Having your starting quarterback finish a game or stay in a little longer into the fourth quarter in a blowout whether a team is on the winning or losing side of it is a common practice that several teams routinely exercise and shouldn’t be blown out of proportion like some fans are making Sunday’s decision out to be.

The constant concern with Jackson is that because of his dynamic dual-threat playing style that he might be more susceptible to sustaining injuries than the typical quarterback that possesses above-average mobility due to his direct and heavy involvement in the running game.

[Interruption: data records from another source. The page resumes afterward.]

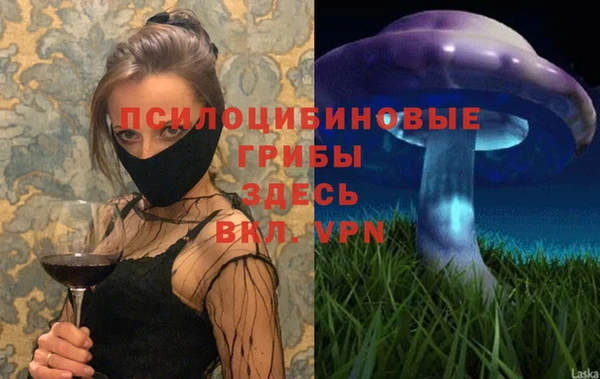 ПСИЛОЦИБИНОВЫЕ ГРИБЫ Армянск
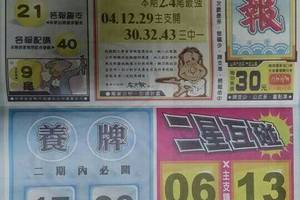 11/3 港六合 【水報，山中人，財報】多張財報讓你參考，參考。
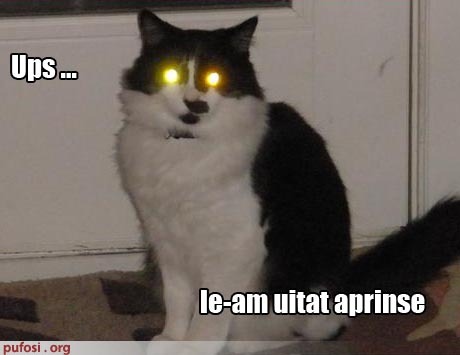 poze-amuzante-pisica-are-ochii-stralucitori - FUNNY ANIMALS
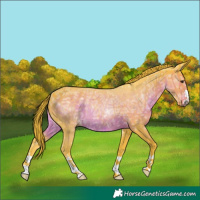 Horse Color:Watercolor Liver Chestnut Ice Rabicano 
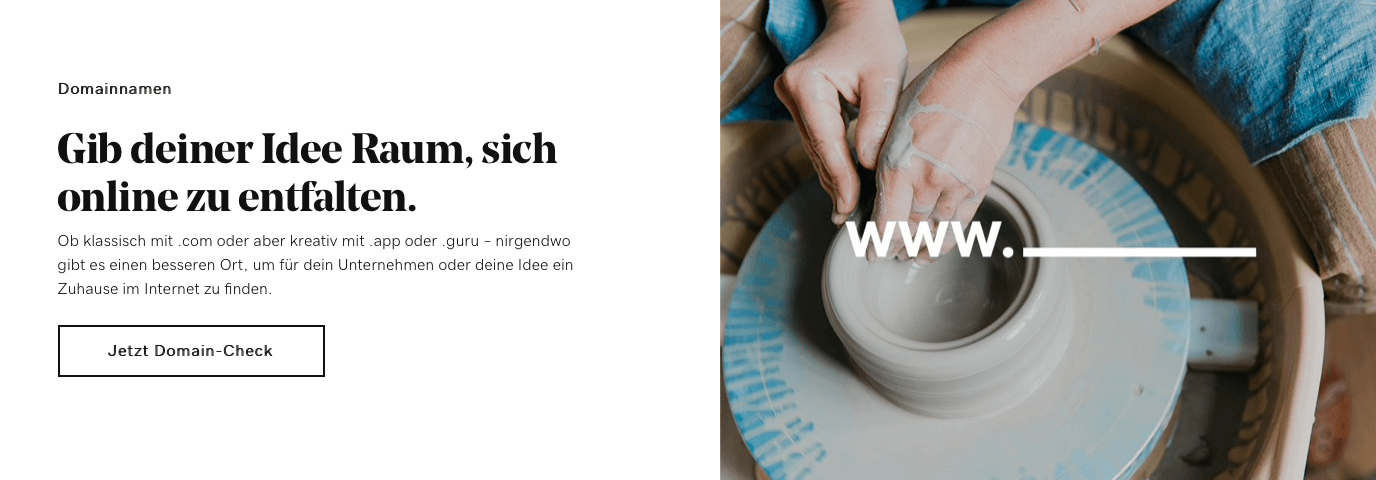 Go Daddy Online-Shop mit einfachem Domain-Check
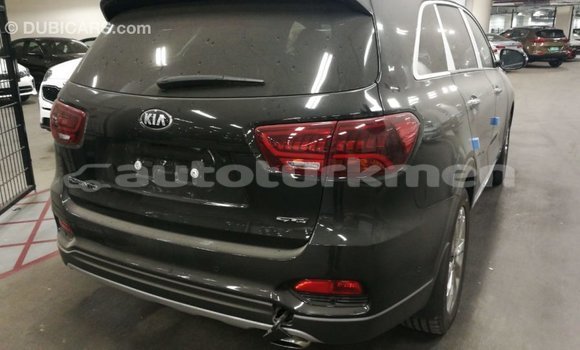 Buy Import Kia Sorento Brown Car in Import - Dubai in Ahal Buy Import Kia Sorento Brown Car in Import - Dubai in Ahal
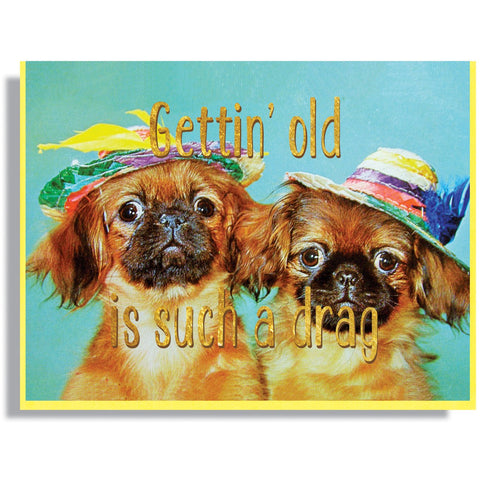Gettin' Old Is Such A Drag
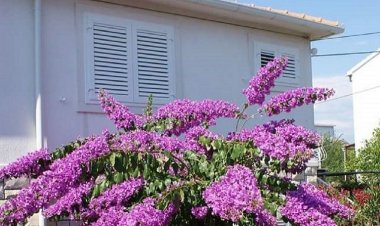 Apartman Slavica O Supetar Horvátország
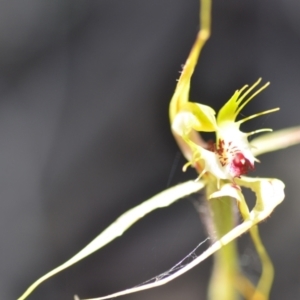 Caladenia atrovespa at Kowen, ACT - suppressed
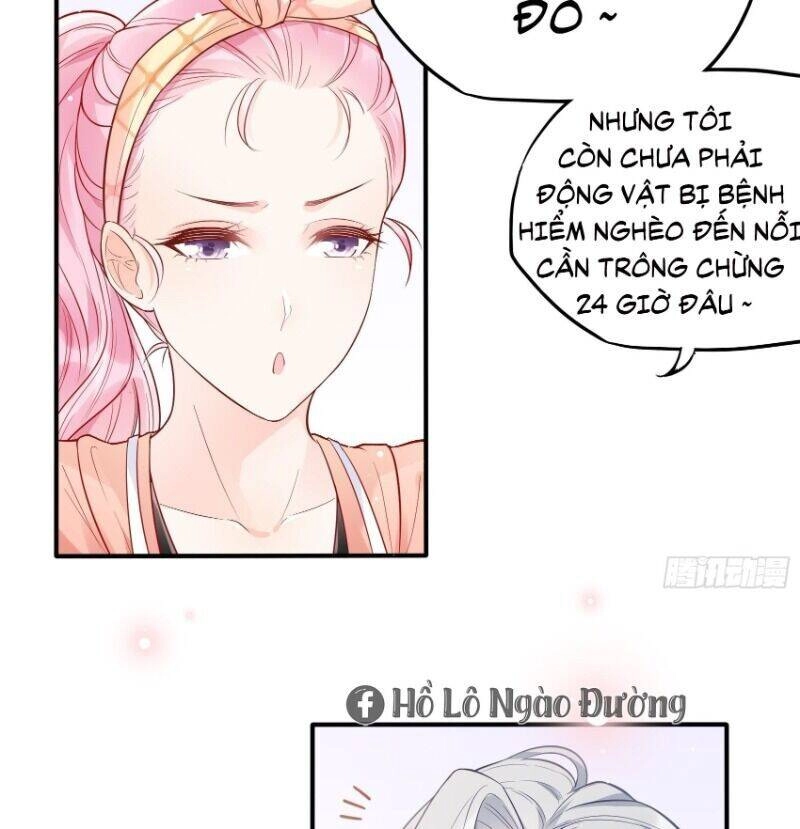 Nhật Kí Mưu Sinh Của Tra Nữ Chapter 61 - 26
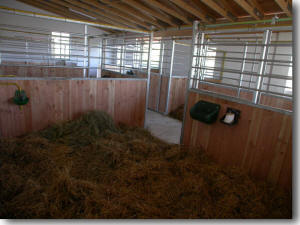 grossz�gige Pferdeboxen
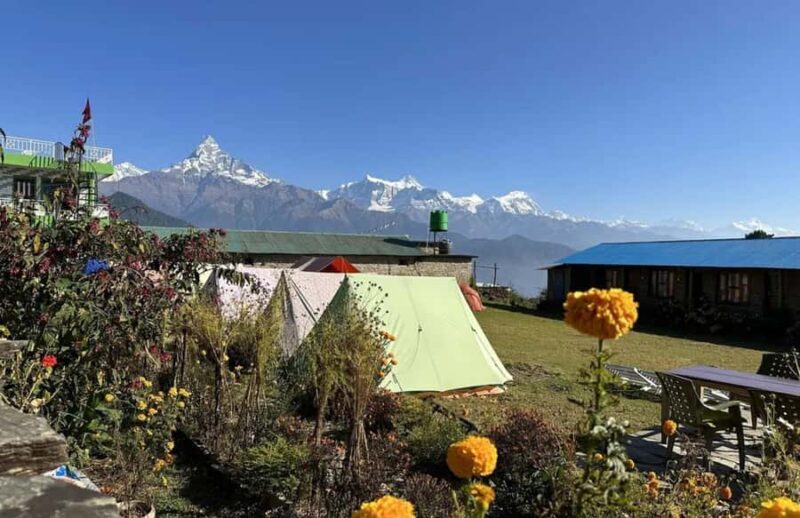 Pokhara: Australian Camp Hiking with Japanese Guide - Key Points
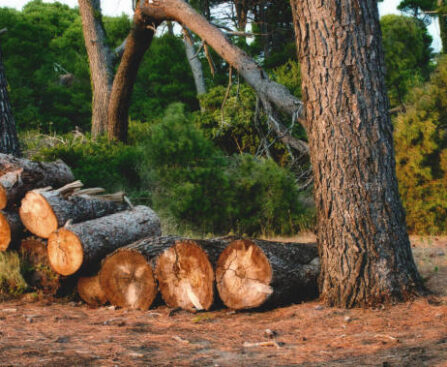 Affordable Tree Felling Blackpool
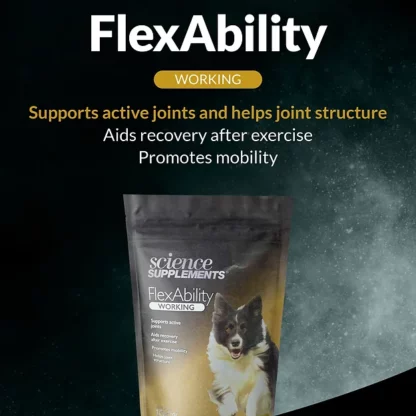 produit flexability pour chien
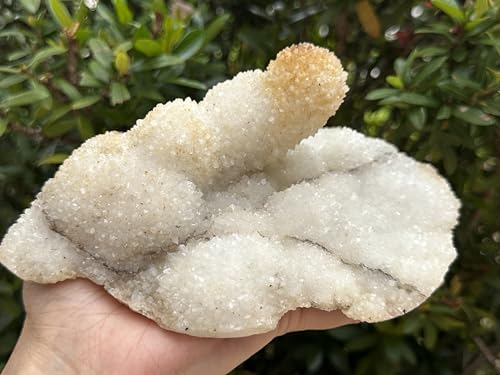 Image of GAF TREASURES Chalcedony & Crystal Quartz Stalactite 3-8 inch, Natural Quartz on Chalcedony Stalactite Specimen (3-4 lb)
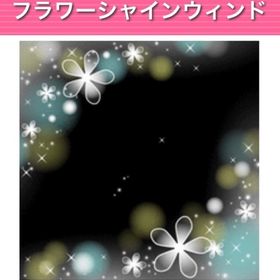 フラワーシャインウィンド | ガルショのアイテム、RMTの販売・買取一覧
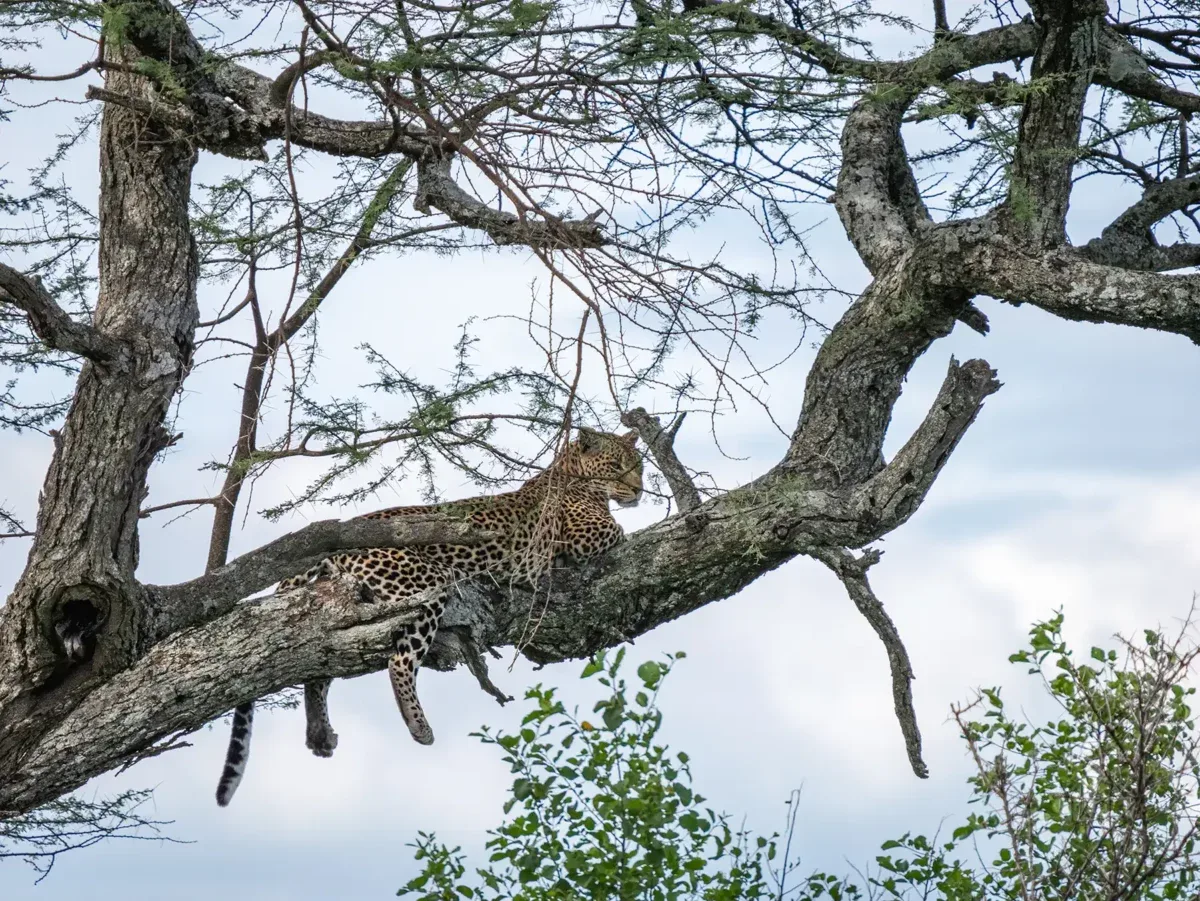 Serengeti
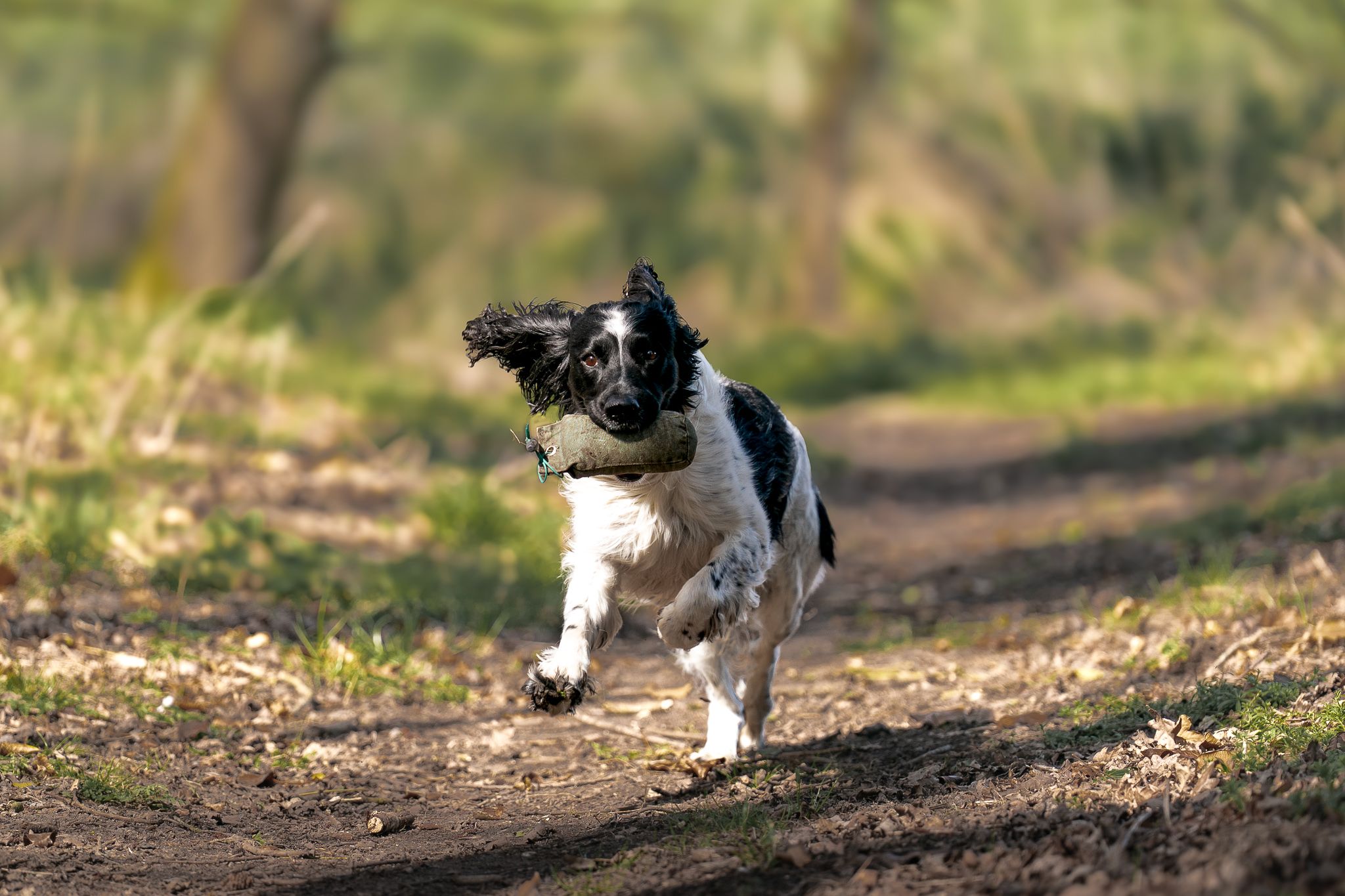 Black and white Springer Spaniel puppy running energetically along a dirt path outdoors.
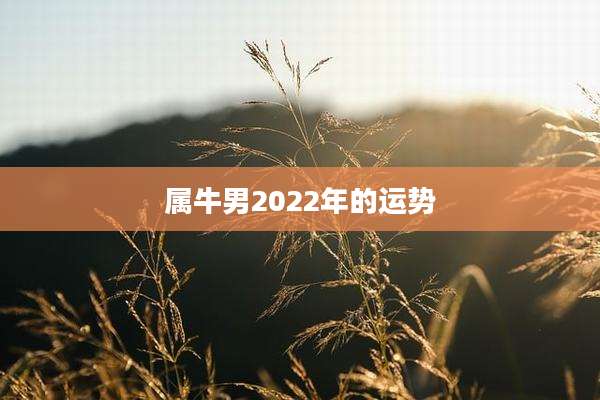 属牛男2022年的运势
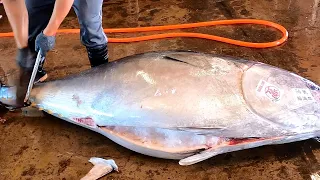 Fluency Cutting Skills of Over 300 kgs of Bluefin Tuna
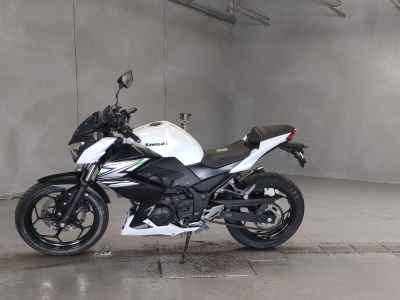 Kawasaki Z250 2014
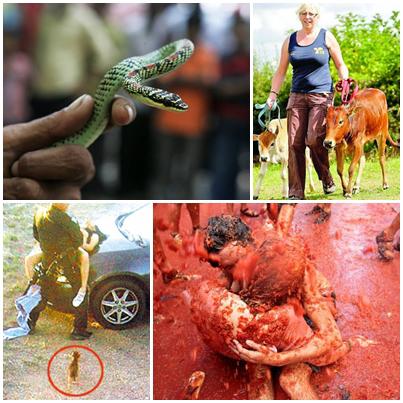 Faze Tari, Foto: Colaj foto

However, because he is so elusive with his legs inside and out if the pocket, he is able to protect himself better than most quarterbacks with for more limited rushing capabilities and when he does take off on a scramble and designed run play, he has done and continues to do a good job of getting out of bounds, avoiding big hits and only lowering his shoulder to initiate contact with a defender if he is trying to cross the goal line for a touchdown.

Griffin still closed out the game on the Ravens final offensive drive that lasted just over four minutes, covered 22 yards in six plays, and ran off the remaining time off the game clock. Going forward don’t expect Harbaugh and the coaching staff to placate to or factor in potential public backlash or the media questioning of their decision on how much or how long to play their star quarterback.

They will do whatever it takes to win in their pursuit of a championship but wouldn’t jeopardize the face and the future of the franchise just to run up a score on a divisional opponent like a college or high school team trying to qualify for the playoffs in a system that factors in point differential.

There’s a method to the perceived madness of leaving the starting quarterback in longer than the majority of outsiders think they should. Not every game is going to a cakewalk in the final two quarters so Jackson needs to be prepared to play a full 60 minutes and then some when the time comes, which could be in two weeks when Mahomes and the Chiefs come to Baltimore for a Week Three Monday Night Football matchup in prime time.